私は東京都心に近い千葉県市川市で生まれ育ちました。そんま私が大学卒業後、
NPO法人「地球縁化センター」が主催する「緑のふるさと協力隊」という
一年間の農山村体験プログラムに参加しました。
派遣地に決まったのが日之影町でした。
日之影町は私の中の田舎のイメージを覆す、とても山深い山村地域でした。
山を切り拓(ひら)いて家や田を作り集落が形成され、人々は自然とともに
暮らしを営んでいます。協力隊として活動をしながら、町の農林業、
地域行事、伝統芸能などを体験しました。その中で培われてきた
技術や伝統、人と人の助け合いの精神を
学ぶことができました。
一年間という任期はあっという間に過ぎてしまいました。まだまだ、この地域のことを
知りたいと思い任期終了後、「集落支援員」として、
この町で暮らすことを決めました。
集落支援員とは住民から地域の歴史や風土、田畑や山林の現状を聞き取り、
地域の課題や魅力、将来この地域をどうしていきたいか、
などを話し合っていく仕事です。
日之影町は深い山々の中腹に点々と集落が存在します。多くの小集落が少子高齢化の
課題を抱えており、集落機能の維持が困難になっている所も少なくないです。
かなり深刻な現状にあることは確かです。しかし、私はそのような
集落を回って、同時に面白さも感じていました。
そこに暮らすおじさん、おばさんは昔から山や田畑を管理しそこで暮らしてきた、
暮らしのプロフェショナルです。私のような都会で生まれ育った若者には
想像できないような、知恵や技術を持っています。
驚いたのは、近くの山にある木を切って製材し、家一軒を自分たちの
手で建ててしまったことです。その家は今、町外、県外から来た
お客さんとの交流拠点施設として大活躍しています。
また、山菜料理や豆腐、こんにゃくの作り方など、都会では絶対にできない、
山村集落ならではの料理法も教えてもらっています。
山村集落には食べ物も燃料もあります。これらの資源を上手に活(い)かせば、
山村集落でもゆたかに暮らすことができるのではないですか。
私が今、地域の人たちを巻き込んで力を入れている活動は、①地域の特産こんにゃくを
加工・販売して産業化する②分城の空き家を改修した子民家を
ゲストハウスとして活用する③自分たちで整備した
「天の古道」(見立川中ー岩度神社間11㌔)の
イベント活用ーであります。
こんにゃく作りは「山にある資源を活かした新たな生業(なりわい)をつくろう」と
いう活動の一環で、加工場を追川上地区に設置し、「山寿ふれあいくらぶ」という
任意団体を立ち上げ、山村体験イベントを行っています。

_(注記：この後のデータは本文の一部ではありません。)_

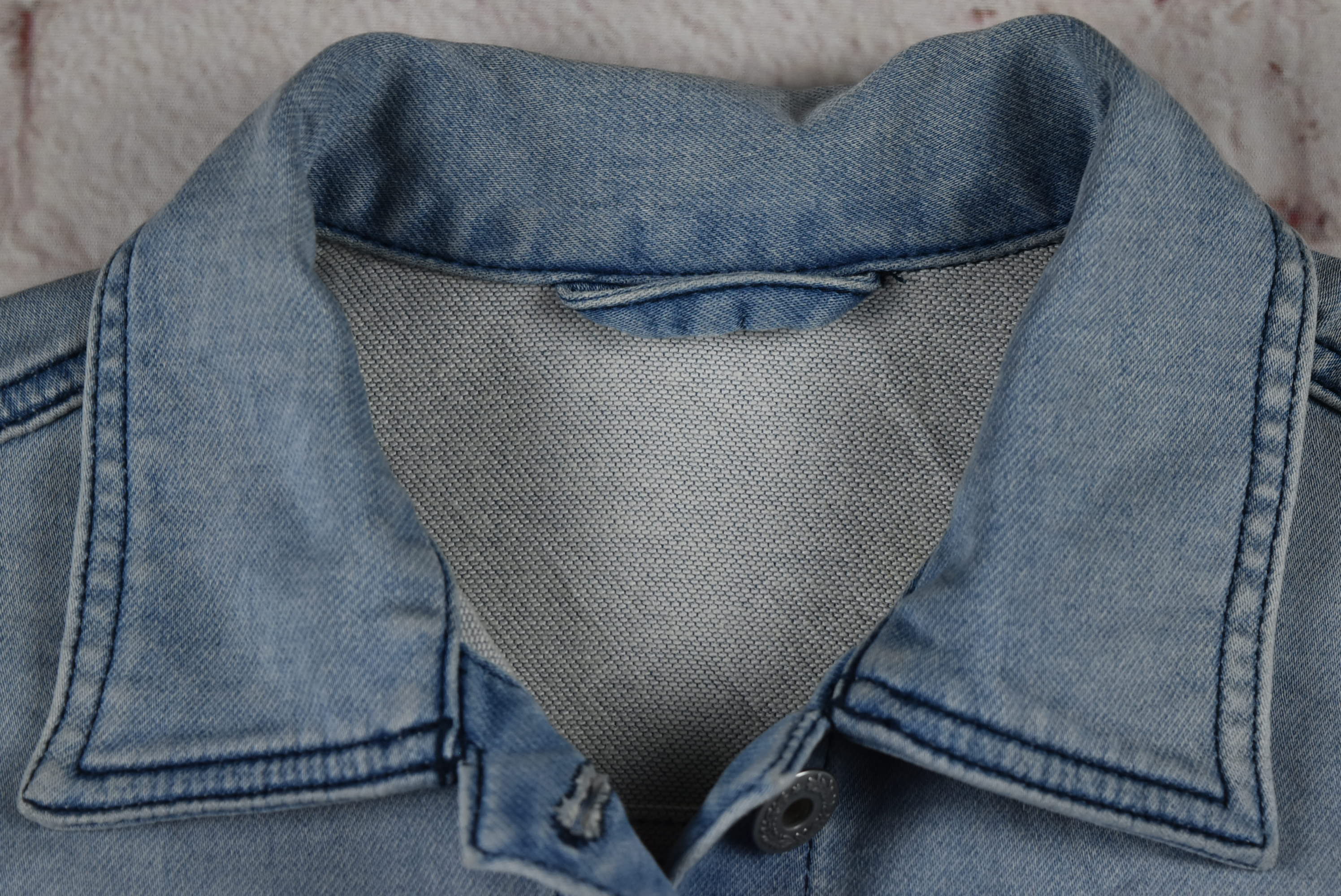 GU อกจริง 35 ไซส์ S เสื้อแจ็คเก็ตยีนส์ แขนยาว ผู้หญิง ผ้ายืดนุ่มใส่สบาย ทรงสวย มีกระเป๋าข้างเป๋าใน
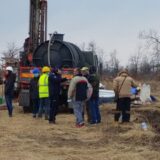 Bor: Na svom imanju zatekli radnike kako kopaju i buše zemlju bez dozvole 3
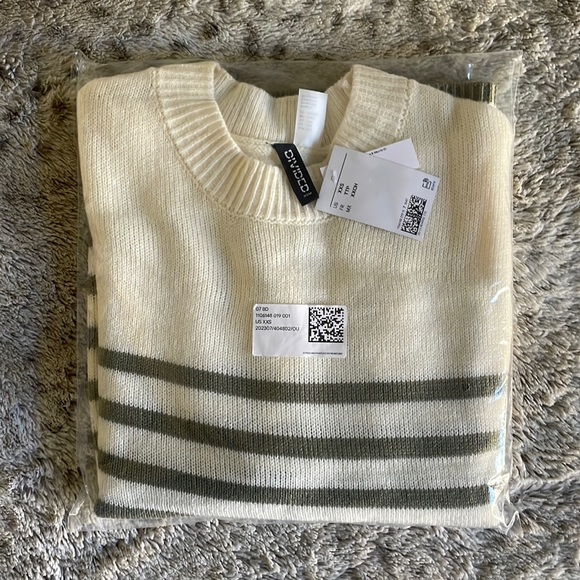 H&M Striped Sweater - Picture 8 of 8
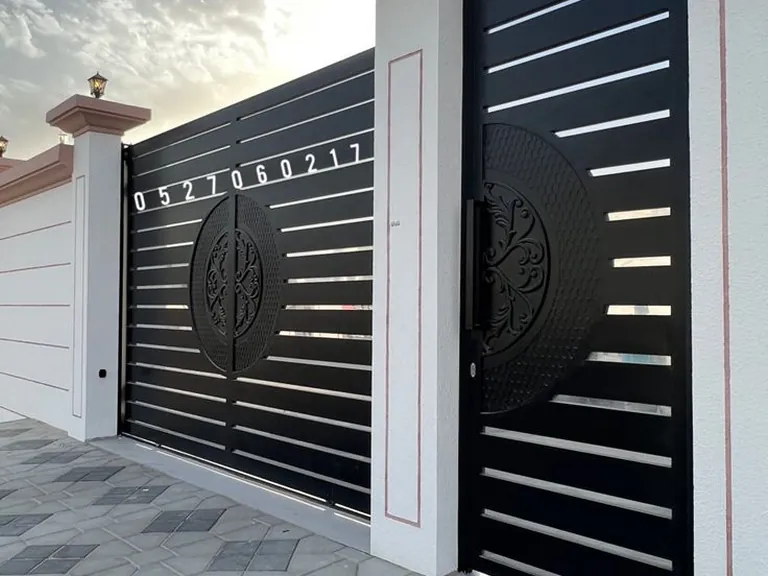 بوابة فلل — أبواب وبوابات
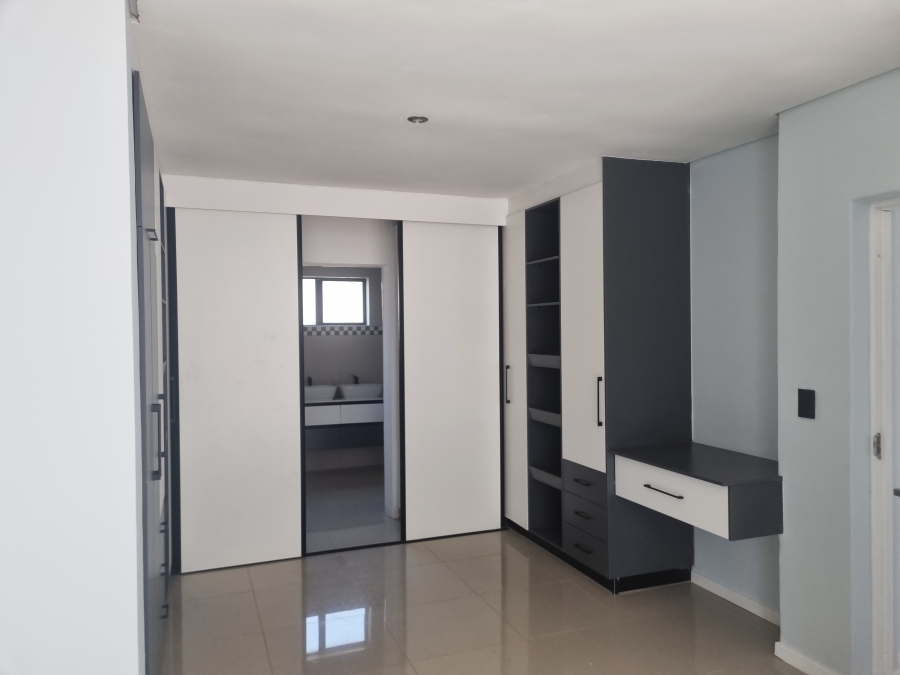 5 Bedroom Property for Sale in Melodie North West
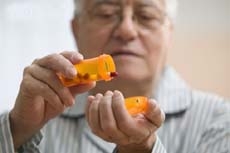 Người cao tuổi nên dùng thuốc kháng sinh như thế nào, có thể bạn chưa biết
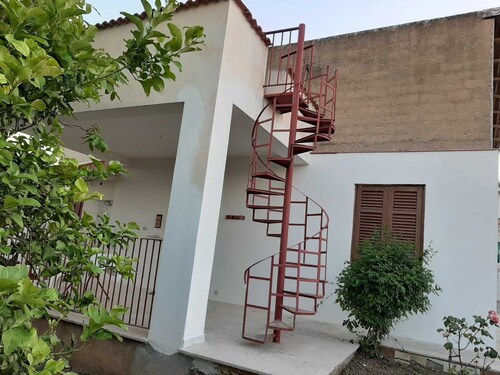 ISOLATED VILLA A FEW STEPS FROM THE COUNTRY, RELAX AND OPPORTUNITIES.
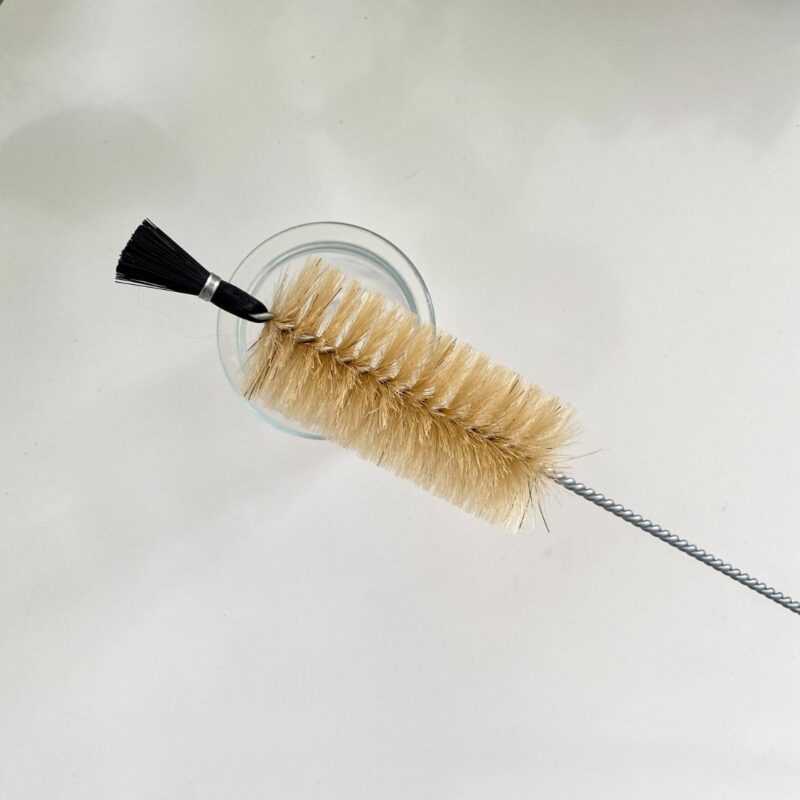 Goupillon en Soie avec Pinceau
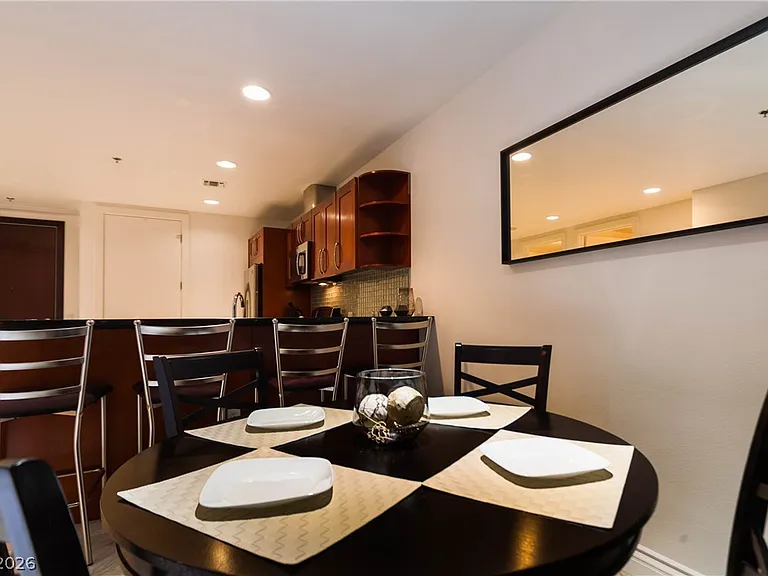 4525 Dean Martin Dr #1611 — Photo 4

地元の
こんにゃく作り名人のおばちゃんたちが春の山菜まつりと
秋の収穫祭に合わせて作っています。
これかのイベントで好評だった「こんにゃく」は今後、
商品化して常時販売することを
目指しています。
ゲストハウスは昨年から農作業体験ツアーを企画して都会から参加者が訪れています。
天の古道では、、2010年から4月に初歩きイベントを開催、
県内外の50~60人が参加しています。
今後、人口減少がますます進行していく日之影町です。この追川上地区のように、
地元にあるものを見直し、新たな価値観で生業を創(つく)っていくことで
人口減少にブレーキをかけることはできないか、と考える日々であります。